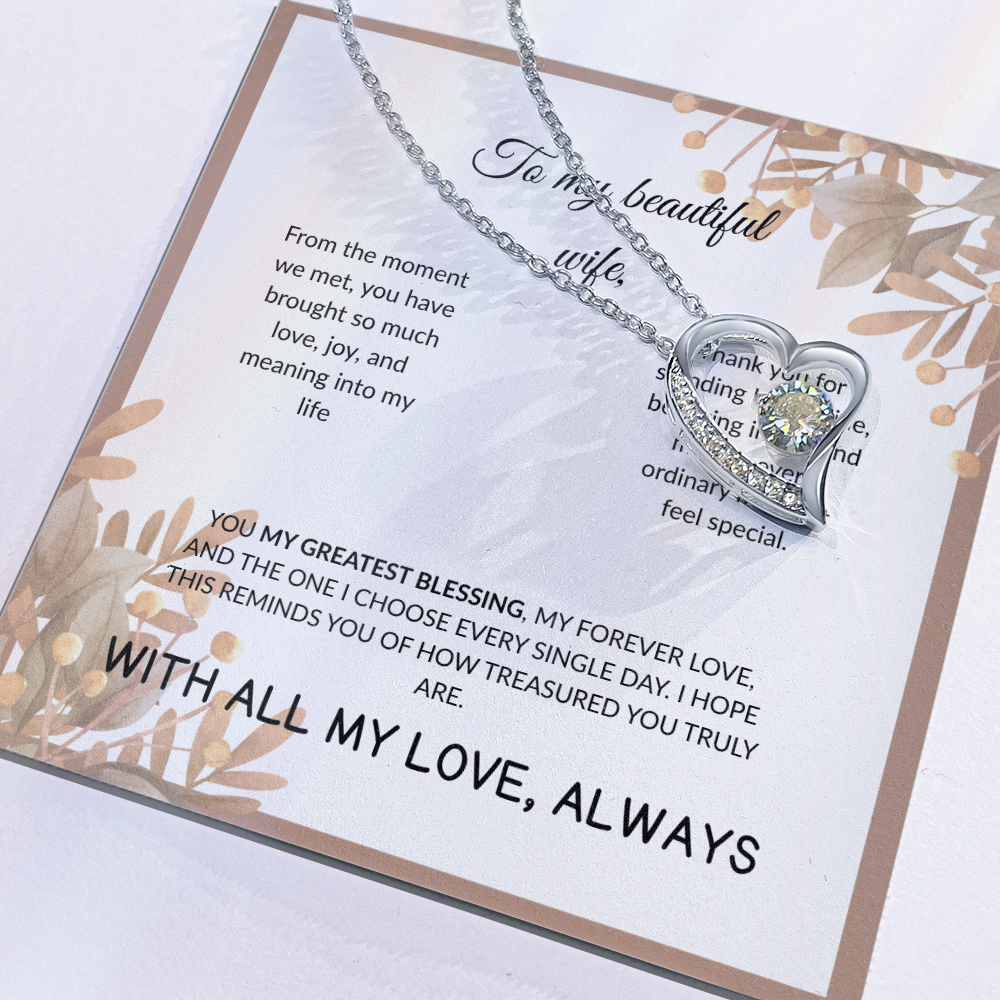 To My Beautiful Wife- From Husband-Forever Love Necklace Gift Set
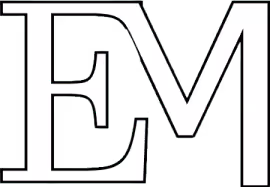 Logo with stylized letters E and M intertwined in black and white.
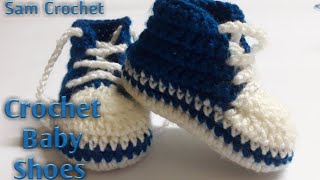 DIY Tutorial How to make Crochet Baby Shoes  Baby Booties With Shoe Laces Sam Crochet [upl. by Von738]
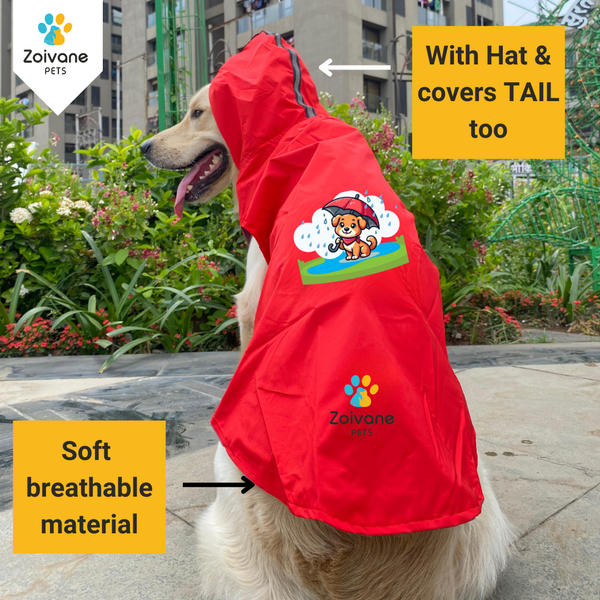 Dog Raincoat XL "Dogs Just Wanna Have Fun!" Printed Dog Raincoat For Dogs, Labrador, Golden Retriever, Shihtzu, German Shepherd & Similar (Pack of 1)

What this task involves
Set down the line containing "Logo with stylized", then every later line through the end of the material, exactly as written; omit any picture.

Output for this exercise
 Logo with stylized letters E and M intertwined in black and white.
 DIY Tutorial How to make Crochet Baby Shoes  Baby Booties With Shoe Laces Sam Crochet [upl. by Von738]
 Dog Raincoat XL "Dogs Just Wanna Have Fun!" Printed Dog Raincoat For Dogs, Labrador, Golden Retriever, Shihtzu, German Shepherd & Similar (Pack of 1)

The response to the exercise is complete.